After: Users can use --version 1.2 (or init experience) to access all new operator features via CLI flags or SDK.

# Example: custom endpoint with new v1.2 fields
hyp create hyp-custom-endpoint \
    --version 1.2 \
    --endpoint-name my-endpoint \
    --model-name my-model \
    --model-source-type s3 \
    --image-uri my-image:latest \
    --container-port 8080 \
    --model-volume-mount-name model-weights \
    --s3-bucket-name my-bucket \
    --s3-region us-east-1 \
    --instance-type ml.g5.8xlarge \
    --replicas 2 \
    --max-deploy-time-in-seconds 7200 \
    --worker-command 'python,serve.py' \
    --worker-args '--max-model-len,4096' \
    --load-balancer-health-check-path /ping \
    --load-balancer-routing-algorithm least_outstanding_requests \
    --tags '{"team": "ml", "env": "prod"}' \
    --kubernetes '{"serviceAccountName": "my-sa"}' \
    --probes '{"livenessProbe": {"httpGet": {"path": "/health", "port": 8080}}}'

How was this change tested?

1. Manual end-to-end testing on live cluster (account 249127818294, cluster sagemaker-chadchc-test-3b7345ba-eks) — all CLI flags for both custom and jumpstart endpoints verified against operator CRD
2. CRD field alignment verified against AWSCrescendoInferenceOperator mainline
3. Unit tests: 174 pass

Are unit tests added?

Yes — test/unit_tests/cli/test_inference.py (expanded), test/unit_tests/inference/test_hp_endpoint.py (new), test/unit_tests/inference/test_hp_jumpstart_endpoint.py (expanded)

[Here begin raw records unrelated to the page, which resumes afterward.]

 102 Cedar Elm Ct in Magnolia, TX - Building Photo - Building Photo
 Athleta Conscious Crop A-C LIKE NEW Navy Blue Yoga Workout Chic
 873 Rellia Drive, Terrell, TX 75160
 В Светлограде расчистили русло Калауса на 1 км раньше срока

Are integration tests added?

Yes:

- test/integration_tests/inference/cli/test_cli_custom_v12_fields.py
- test/integration_tests/inference/cli/test_cli_jumpstart_v12_fields.py
- test/integration_tests/inference/sdk/test_sdk_custom_v12_fields.py
- test/integration_tests/inference/sdk/test_sdk_jumpstart_v12_fields.py

Reviewer Guidelines

‼️ Merge Requirements: PRs with failing integration tests cannot be merged without justification.

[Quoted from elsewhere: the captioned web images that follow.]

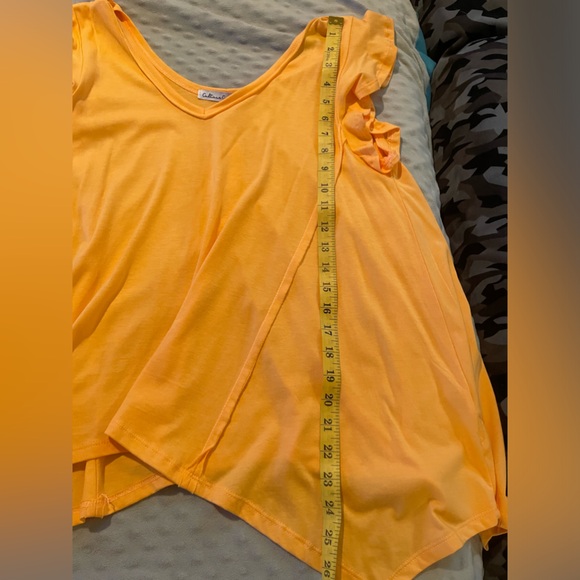 Culture Club size M V neck top. - Picture 4 of 6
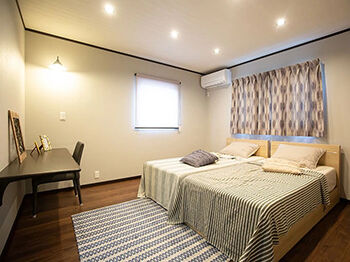 アイフルホーム/シリウスEHC 【2000～2499万円／29.5坪／3LDK】ダウンフロアの土間リビングとウッドデッキ。内と外に一体感が生まれる家の建築実例画像3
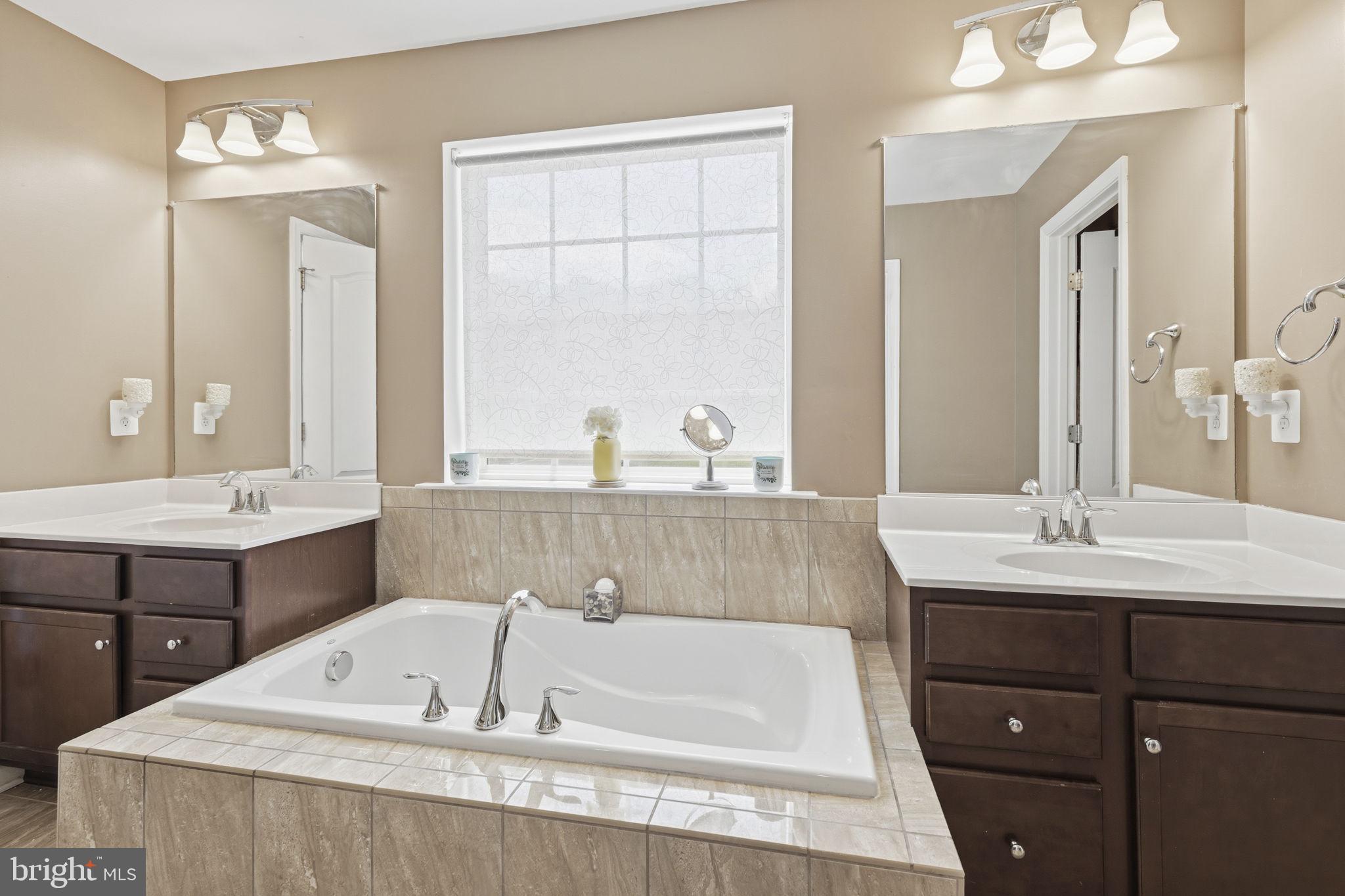 RESIDENCES AT QUARRY PLACE - Residential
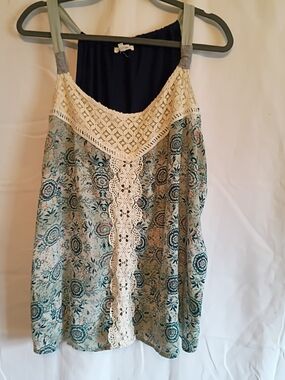 Maurices Size 3x Boho Lace-Trim Floral Tank Top in Sage Blue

One of the following must be true:

- [x] All automated PR checks pass
- [ ] Failed tests include local run results/screenshots proving they work
- [ ] Changes are documentation-only

@chad119 chad119 requested a review from a team as a code owner May 6, 2026 20:41
@chad119 chad119 temporarily deployed to manual-approval May 6, 2026 20:41 — with GitHub Actions Inactive
Comment thread src/sagemaker/hyperpod/inference/config/hp_endpoint_config.py
"--gated-model-download-role", "arn:aws:iam::249127818294:role/gated-download",
"--model-hub-name", "SageMakerPublicHub",
])
assert result.exit_code == 0, result.output
Copy link
Copy Markdown
Collaborator

Choose a reason for hiding this comment

The reason will be displayed to describe this comment to others. Learn more.

I think we need a test that ensures full creation not just exit code

Copy link
Copy Markdown
Collaborator Author

Choose a reason for hiding this comment

The reason will be displayed to describe this comment to others. Learn more.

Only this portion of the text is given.